Many, many years ago, I became convinced I was to go to Guyana, South America and remain on the mission field for a year. Struggling a bit with what I believed was a clear directive of the Holy Spirit, I counseled with a number of individuals with the majority confirming and encouraging me to follow through with just a couple of individuals not so convinced.
Ultimately, there I am 36,000 feet in the air, on my way to Guyana and then it hits. “Are you crazy? What are you doing?”
You see, I had sold everything – my truck, my house, household and personal possessions – down to what I could get into just two suit cases.
The ultimate was having to find a new home for my dog. I am a huge dog lover to the point that I say even today, “You can take my new truck, my condo, everything I’ve got – but heaven help you if you mess with my dogs. You just might go home to be with Jesus much sooner than you anticipated!” Oh, just kidding.
It was during my flight that it dawned on me I really didn’t have clarity in terms of what I was to do when I got to Guyana. I know, I know. But I knew I was to go. Now, I am convinced what I am about to share will leave some of you asking, “Really, seriously?” As I stepped off the jet way on to Guyanese soil, I instantaneously, immediately knew what I was to do in Guyana. I was to travel from village to village, staying about three months in each village, teaching personal evangelism and leading teams to go out in their respective villages (communities) and share the Gospel. Now, once again, this was many years ago, when personal witnessing and evangelism was foreign to most Guyanese. For the most part, the view and opinion of many Guyanese Christians was, “Isn’t that the Pastors job?”
One day in a village called Mahaica, I was leading a team of approximately 6 individuals when we came upon a house with a man sitting on the front steps of his home. As we approached, I immediately noticed by his body language he really didn’t want to be bothered. However, when I asked if we could talk to him, he agreed. I also noticed that his left foot was bandaged and appeared to be swollen to 3-4 times normal foot size. As we began to share Jesus with him, his whole manner began to soften and change. At one point, he interrupted me and said, “I thought all you wanted was money just like another group that came by some time ago that was handing out religious material.”

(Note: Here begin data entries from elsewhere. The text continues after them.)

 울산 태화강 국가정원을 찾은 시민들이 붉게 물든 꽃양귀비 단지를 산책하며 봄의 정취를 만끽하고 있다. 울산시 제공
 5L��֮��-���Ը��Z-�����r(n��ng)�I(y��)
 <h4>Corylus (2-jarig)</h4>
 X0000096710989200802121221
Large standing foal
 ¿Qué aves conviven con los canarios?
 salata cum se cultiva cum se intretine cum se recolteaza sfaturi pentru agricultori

Assuring him we did not want money, I asked about his injured foot. He shared he had cut it while gathering wood in the jungle and it was now severely infected bordering on gangrene. I asked if we could pray for God to heal his foot. I will never, ever forget his facial expression and reply. A look of dismay brought, “You don’t want money and you want to pray for me?”

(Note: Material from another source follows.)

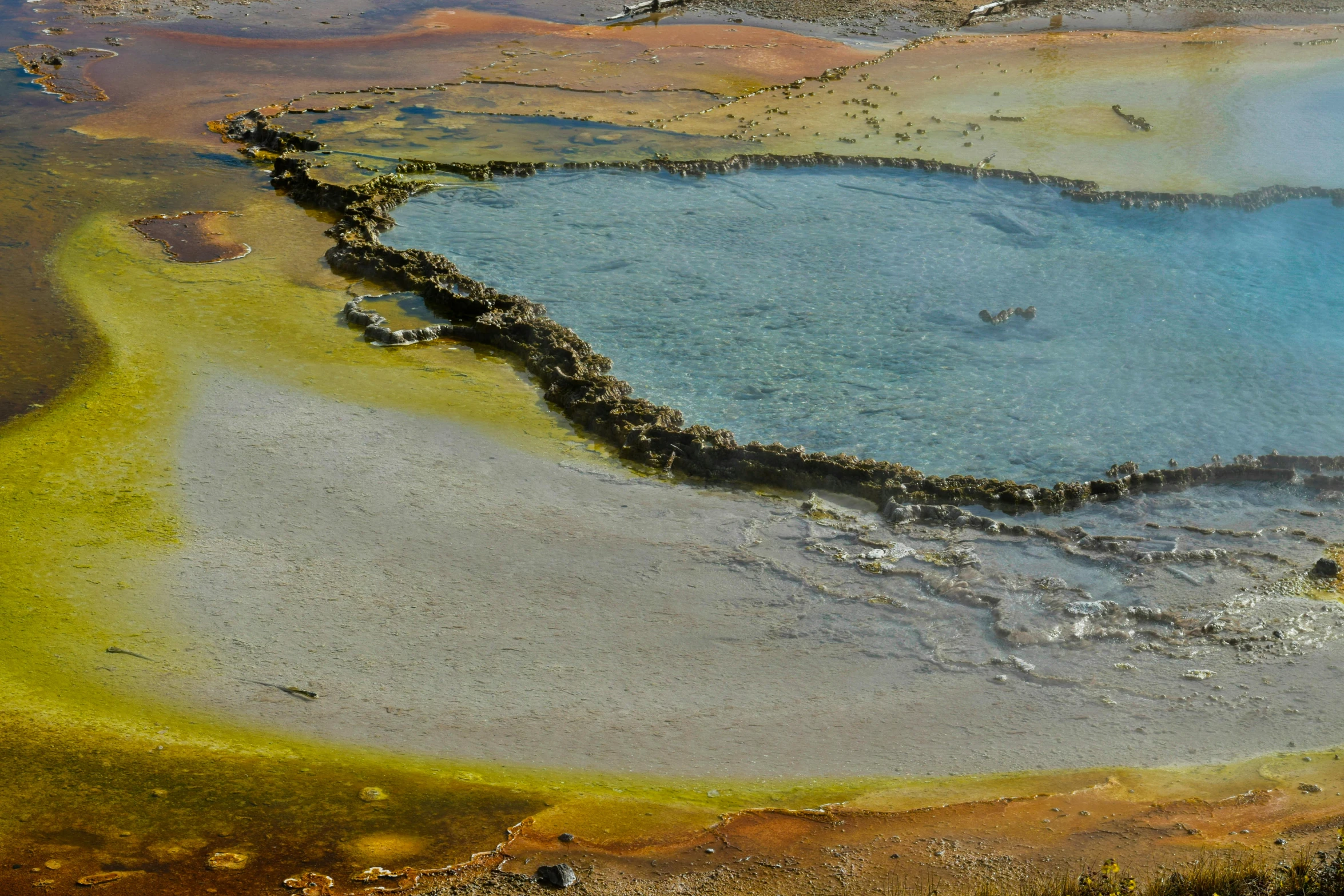 a small body of water with yellow algae in the water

The next morning was Sunday and I was to share at the church in Mahaica. Wanting to get settled and fully prepared before the Sunday morning service began, I arrived early. I was met by two individuals that participated in yesterday’s evangelism team. Standing at the entrance of the church, they said, “Phillip, look toward the front of the church.” There sitting on the front row was the man we had prayed for yesterday. Lloyd (the man’s name) was sitting there weeping. As I approached him and our eyes met, he said, “Look – pointing at his foot.” God had completely healed his foot. That Sunday, Lloyd surrendered his life to Christ Jesus and ultimately became a pillar of the Mahaica church.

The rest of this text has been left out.